**EXERCISE DIRECTIONS**: Could you transcribe exactly the lines below, from the line with "sportwinkel decathlon komt" through the line with "Футболка challenge Футболка challenge", and nothing else, leaving out the pictures?
-- DATA FOR THE TASK follows --
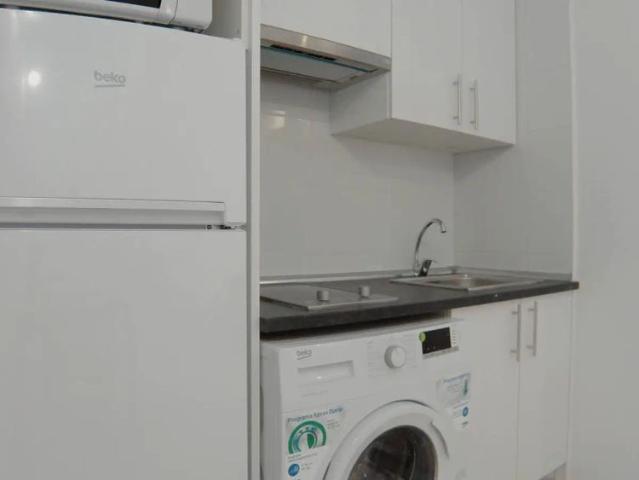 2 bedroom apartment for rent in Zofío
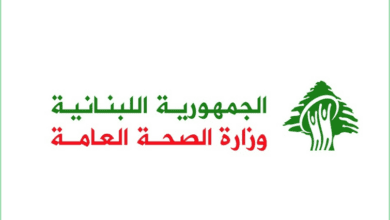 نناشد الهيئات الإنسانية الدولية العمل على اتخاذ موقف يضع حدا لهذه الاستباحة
-- DATA FOR THE TASK concluded --
-- DATA FOR THE TASK follows --
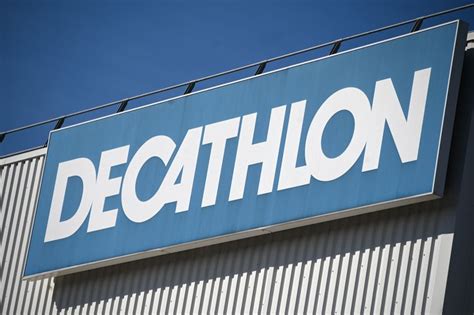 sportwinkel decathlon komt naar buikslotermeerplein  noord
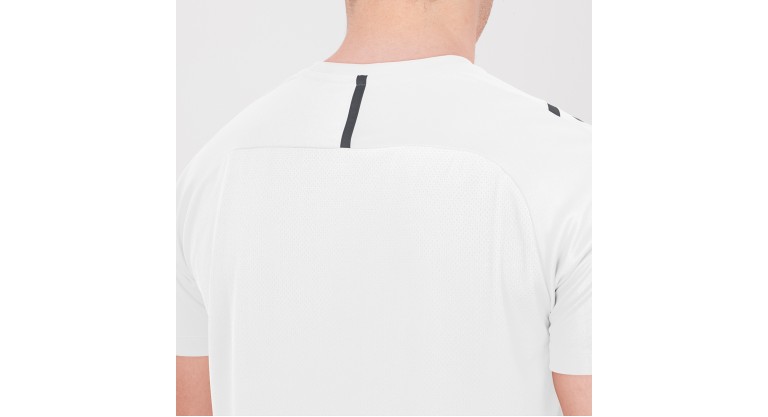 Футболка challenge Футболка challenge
-- DATA FOR THE TASK concluded --
**THE COMPLETED TASK**:
 sportwinkel decathlon komt naar buikslotermeerplein  noord
 Футболка challenge Футболка challenge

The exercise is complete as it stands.